『断絶への航海』 ジェイムズ・P・ホーガン ハヤカワ

西暦2020年、人類初の恒星間無人移民(!)船<観音>号は、

太陽系を離れ、遥か銀河の奥深くへと、

移住可能な惑星を探す旅に出た。

そして、第三次世界大戦後の2040年、<観音>号から通信が入った。

人間が生存可能な惑星を発見したので、人間を創造すると!

かくして<観音>号のコンピュータは、電子記号に直した遺伝子情報から、

惑星ケイロンに人間を誕生させ、地球社会の無意味な教育は施さずに、

知的に論理的に教育し、地球上とはあまりにも異質な

(人間は教育されなければ人間にならない。狼に育てられた赤ん坊の精神は狼である)

人間社会のユートピアを出現させた。

だが、2060年、荒廃した地球からケイロンに移住しようと精神レベルの低い人間たちが

<メイフラワー二世>号で旅立った。
内部に宗教施設さえある精神のレベルが低い<メイフラワー二世>号の移民たちはケイロンで、

人間の常識と神の倫理と悪魔の知恵を遥かに越えたケイロン人に驚愕する。

狼が人間になるよりも、はるかなギャップがある。

人間たちはケイロン上でさまざまなトラブルを巻き起こす。

ケイロン人は神より上位の精神を持つ仙人をも越えている!

最高の魂とはコンピュータの魂にきまっとりゃーすがね!

とてつもなく素晴らしくて楽しい作品である。

異質のアイデアの噴流である。

普通のSF作家だったら長編10本分ぐらいになるだろう。

異質というのがワンアイデアで表現できると思っている想像力のないSF作家どもは反省するヨロシ。

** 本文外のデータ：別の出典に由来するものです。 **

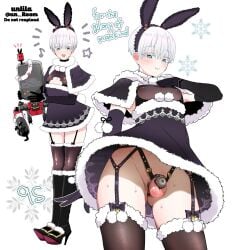 1boy 9s_(nier:automata) alternate_costume animal_ears aqua_eyes artist_name ass_visible_through_thighs black_footwear black_gloves boots brown_thighhighs capelet character_name chastity_cage closed_mouth commentary_request cowboy_shot crossdressing dress elbow_gloves english_text fake_animal_ears full_body fur-trimmed_dress fur-trimmed_legwear fur_trim garter_straps gloves grey_background hand_up high_heel_boots high_heels highres holding looking_at_viewer male_focus nagano_rira nier:automata nier_(series) no_blindfold open_mouth otoko_no_ko pod_(nier:automata) puffy_chest puffy_nipples purple_capelet purple_dress rabbit_ears short_dress sweatdrop testicles thighhighs thighs twitter_username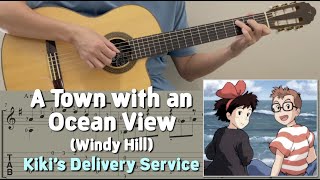 A Town with an Ocean View Windy Hill  Kiki’s Delivery Service Guitar Notation  TAB [upl. by Adrien]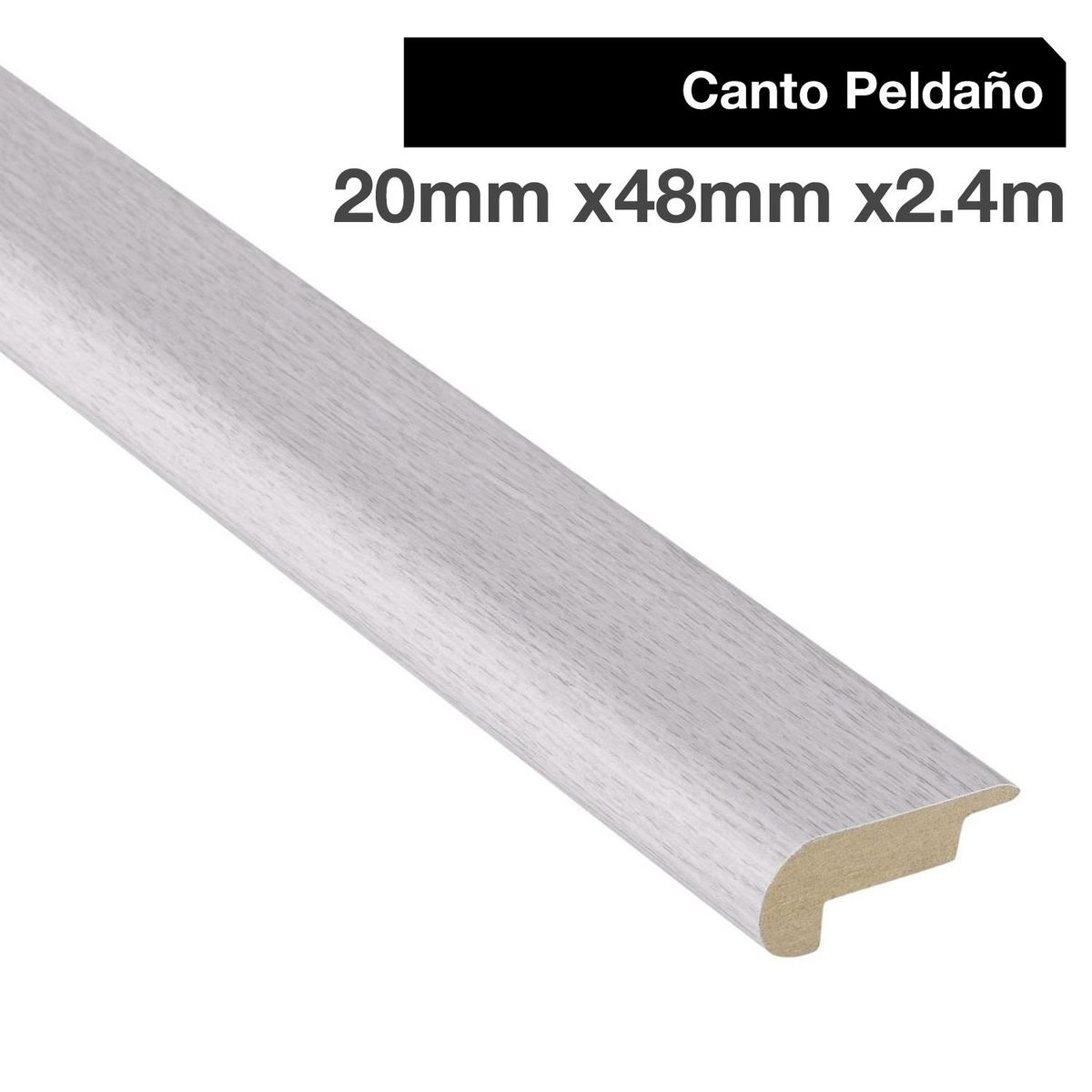 MAFORSA - Pack 2 unidades Canto Peldaño MDF Nature White 48 mm 2x240 cm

政治形態とテックレベルが歴史に存在しなかった組み合わせであれば、

それで立派な異質な社会だと思っている自分で考える頭のない作家どもはサウナ風呂でのぼせ死んじゃえ!

スチームパンクは書く奴も読む奴も馬鹿である。

この作品の社会こそが本物のセンスオブワンダーに満ちた異質社会である。

そして、人類が進むべき理想の社会である。

ホーガンの作品は理想的すぎて綺麗事を並べただけと思う人でも、本書は楽しく読めるであろう。

婦女暴行するキャラも人殺しも、いっぱい、いっ〜ぱい、出てくるんだからァ!

ロリコンメカフェチもおまかせよ!ウフ。